Given data ->
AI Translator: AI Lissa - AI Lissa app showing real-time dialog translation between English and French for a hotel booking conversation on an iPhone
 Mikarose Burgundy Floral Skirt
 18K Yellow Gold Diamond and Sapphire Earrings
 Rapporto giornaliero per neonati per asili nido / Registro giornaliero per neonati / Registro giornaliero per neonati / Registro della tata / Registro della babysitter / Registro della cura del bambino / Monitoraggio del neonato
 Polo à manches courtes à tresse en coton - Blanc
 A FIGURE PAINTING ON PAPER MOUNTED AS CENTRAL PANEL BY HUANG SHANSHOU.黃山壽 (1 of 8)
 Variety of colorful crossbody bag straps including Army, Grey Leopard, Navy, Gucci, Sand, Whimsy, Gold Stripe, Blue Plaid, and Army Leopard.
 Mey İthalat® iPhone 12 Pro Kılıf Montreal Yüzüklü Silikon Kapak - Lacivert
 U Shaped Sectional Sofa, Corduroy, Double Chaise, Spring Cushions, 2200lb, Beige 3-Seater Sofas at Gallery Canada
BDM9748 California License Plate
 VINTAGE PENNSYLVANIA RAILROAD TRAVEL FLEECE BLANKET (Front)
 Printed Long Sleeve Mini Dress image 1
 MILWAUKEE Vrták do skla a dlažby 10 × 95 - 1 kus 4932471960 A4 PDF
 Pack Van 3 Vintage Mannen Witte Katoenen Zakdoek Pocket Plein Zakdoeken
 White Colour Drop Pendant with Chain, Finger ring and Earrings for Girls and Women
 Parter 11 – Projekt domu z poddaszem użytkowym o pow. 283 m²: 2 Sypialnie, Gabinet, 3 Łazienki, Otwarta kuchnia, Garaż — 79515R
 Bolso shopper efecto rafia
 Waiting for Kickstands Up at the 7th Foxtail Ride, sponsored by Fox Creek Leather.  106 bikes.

Exercise description -> Repeat every line of the listing without a single difference.

Output of the task ->
AI Translator: AI Lissa - AI Lissa app showing real-time dialog translation between English and French for a hotel booking conversation on an iPhone
 Mikarose Burgundy Floral Skirt
 18K Yellow Gold Diamond and Sapphire Earrings
 Rapporto giornaliero per neonati per asili nido / Registro giornaliero per neonati / Registro giornaliero per neonati / Registro della tata / Registro della babysitter / Registro della cura del bambino / Monitoraggio del neonato
 Polo à manches courtes à tresse en coton - Blanc
 A FIGURE PAINTING ON PAPER MOUNTED AS CENTRAL PANEL BY HUANG SHANSHOU.黃山壽 (1 of 8)
 Variety of colorful crossbody bag straps including Army, Grey Leopard, Navy, Gucci, Sand, Whimsy, Gold Stripe, Blue Plaid, and Army Leopard.
 Mey İthalat® iPhone 12 Pro Kılıf Montreal Yüzüklü Silikon Kapak - Lacivert
 U Shaped Sectional Sofa, Corduroy, Double Chaise, Spring Cushions, 2200lb, Beige 3-Seater Sofas at Gallery Canada
BDM9748 California License Plate
 VINTAGE PENNSYLVANIA RAILROAD TRAVEL FLEECE BLANKET (Front)
 Printed Long Sleeve Mini Dress image 1
 MILWAUKEE Vrták do skla a dlažby 10 × 95 - 1 kus 4932471960 A4 PDF
 Pack Van 3 Vintage Mannen Witte Katoenen Zakdoek Pocket Plein Zakdoeken
 White Colour Drop Pendant with Chain, Finger ring and Earrings for Girls and Women
 Parter 11 – Projekt domu z poddaszem użytkowym o pow. 283 m²: 2 Sypialnie, Gabinet, 3 Łazienki, Otwarta kuchnia, Garaż — 79515R
 Bolso shopper efecto rafia
 Waiting for Kickstands Up at the 7th Foxtail Ride, sponsored by Fox Creek Leather.  106 bikes.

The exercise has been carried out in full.